The first time I saw Glinda the Good, she looked yummy enough to eat. But I was was too young—just a babe in arms, really—so she wouldn't let me. Instead, she sent me back to Kansas. Time passed. Auntie Em ran away with the hired hands (all three of them), and Uncle Henry just kind of gave up. Co-dependent or what?

As soon as I turned legal, I hightailed it back to Oz. I cut off those frickin' braids, and ditched the gingham for glittery eyeliner, spandex and blood-red acrylic nails. I got a new pair of shoes and threw the ruby slippers in the back of the closet. I was rockin' that stupid Yellow Brick Road.

Glinda and I have been together ever since. Things have been changing in Munchkinland, though, and I was considering hitting a faraway part of town for a while and getting in some serious shopping until the weather changed.

I cast a discontented glance at Glinda, who was passed out on the couch. She'd grown into a boozy, cantankerous old broad, with bulgy eyes due to her thyroid condition, and was headed for wicked witch-hood at double march unless she changed her tune pretty quick. As I studied her, she roused a little, muttering and trying to scrape her hair out of her eyes without moving her hungover head. Since I met her, she's swallowed an ocean of banana daiquiris, one blender-full at a time. That and magic dust were all she lived on.
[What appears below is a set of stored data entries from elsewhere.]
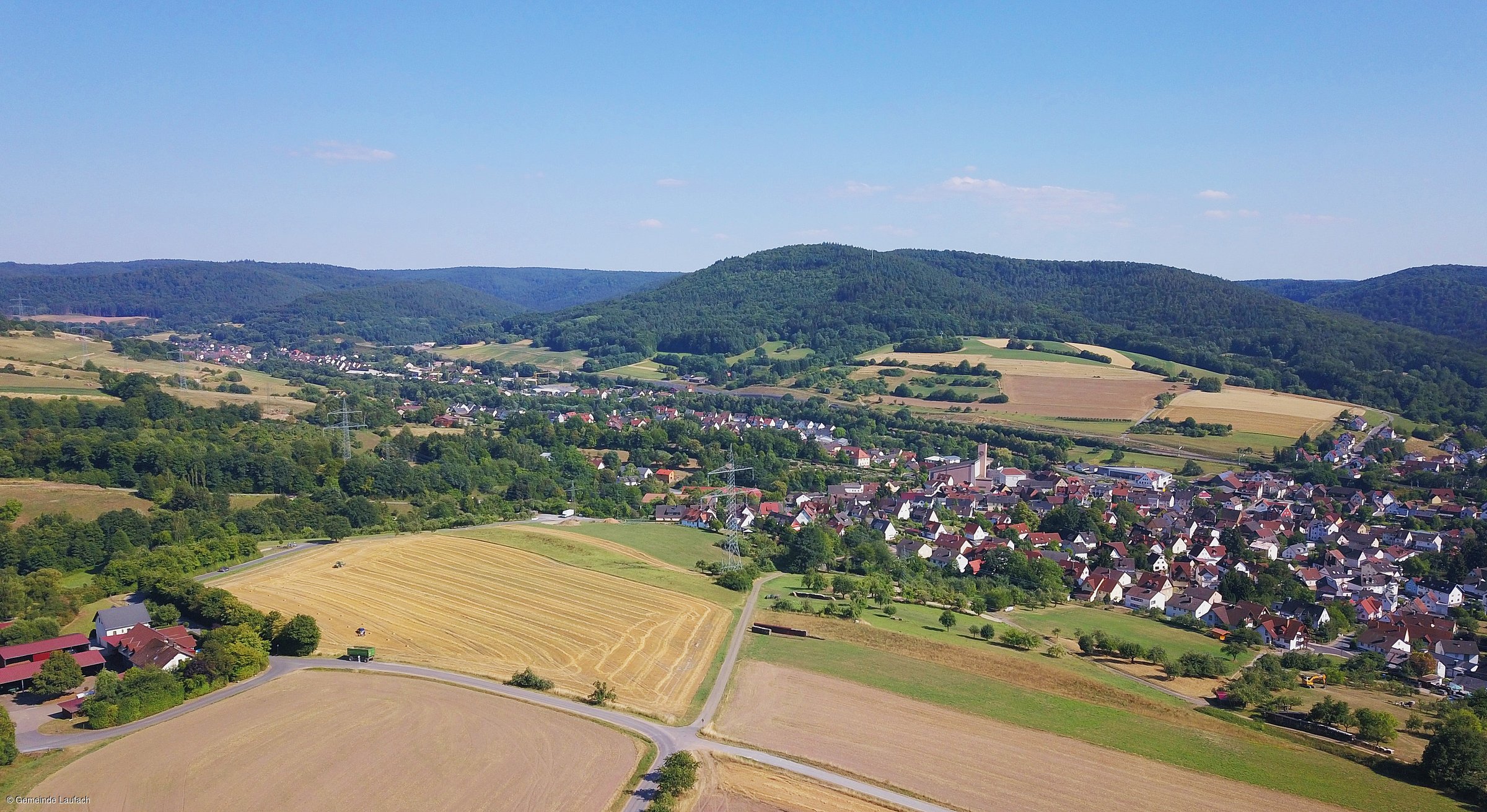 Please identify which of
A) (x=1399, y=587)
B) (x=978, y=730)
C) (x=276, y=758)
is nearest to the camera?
(x=276, y=758)

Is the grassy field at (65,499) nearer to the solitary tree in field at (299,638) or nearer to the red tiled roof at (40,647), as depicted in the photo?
the red tiled roof at (40,647)

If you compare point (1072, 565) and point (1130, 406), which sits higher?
point (1130, 406)

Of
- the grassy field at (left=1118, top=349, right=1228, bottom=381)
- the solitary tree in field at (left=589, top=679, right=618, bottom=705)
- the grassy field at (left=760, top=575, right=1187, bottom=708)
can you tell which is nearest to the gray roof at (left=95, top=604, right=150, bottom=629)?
the solitary tree in field at (left=589, top=679, right=618, bottom=705)

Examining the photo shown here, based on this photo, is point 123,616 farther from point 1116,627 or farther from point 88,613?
point 1116,627

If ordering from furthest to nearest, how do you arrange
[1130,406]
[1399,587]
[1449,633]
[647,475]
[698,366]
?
[698,366] → [1130,406] → [647,475] → [1399,587] → [1449,633]

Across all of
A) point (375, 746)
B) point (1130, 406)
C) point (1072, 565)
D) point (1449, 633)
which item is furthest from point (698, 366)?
point (375, 746)

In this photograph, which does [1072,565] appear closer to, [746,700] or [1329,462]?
[746,700]

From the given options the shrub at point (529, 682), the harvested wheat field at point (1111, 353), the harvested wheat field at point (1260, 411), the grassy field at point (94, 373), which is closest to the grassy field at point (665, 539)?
the shrub at point (529, 682) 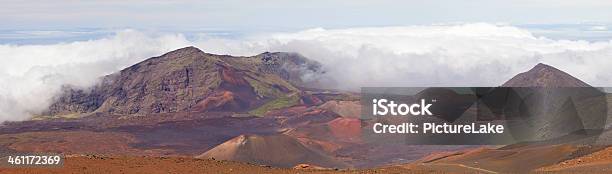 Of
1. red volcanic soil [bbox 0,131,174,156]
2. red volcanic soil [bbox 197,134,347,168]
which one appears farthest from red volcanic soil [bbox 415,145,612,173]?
red volcanic soil [bbox 0,131,174,156]

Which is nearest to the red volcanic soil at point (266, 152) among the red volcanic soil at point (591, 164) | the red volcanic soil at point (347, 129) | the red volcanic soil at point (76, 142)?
the red volcanic soil at point (591, 164)

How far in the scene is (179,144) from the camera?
184 metres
Before she could get it together enough to demand another quart or two of booze, there was a knock at the door. I looked out the peephole and saw a group of dark-skinned Munchkins out there, all dressed in black. They looked like a bunch of Gary Coleman commandos. Usually, a visit by one of the Munchkin guilds was something to be avoided like the plague, but with Typhoon Glinda getting ready to blow, they didn't look so bad. I stepped out on the porch and closed the door behind me.

"Hey, girl," said the leader. "We represent the Malcolm X Order."

He paused, and after a minute of awkward silence, I blinked at him. "So, don't you guys have a song or something?"

"Nah, girl, that's old school. We write angry letters and do sit-ins. We hear your . . . friend has been dissing our people. We don't like it. That needs to stop." He looked at me meaningfully.

Just then the door burst open and a groggy Glinda half staggered, half fell out onto the porch. She glared at the Munchkins. "Wahthahell chu guys wan? Imm busy!"

Yeah, she was busy, alright—busy pickling her liver.

"Look, you oppressor honky dike, We ain't gonna take anymore shit off of you. Making the Lolly Pop Guild cater your election party for free, demanding 'ludes from the Lullaby League. Those people get good money for their services. From now on, you wanna dance, you gotta pay."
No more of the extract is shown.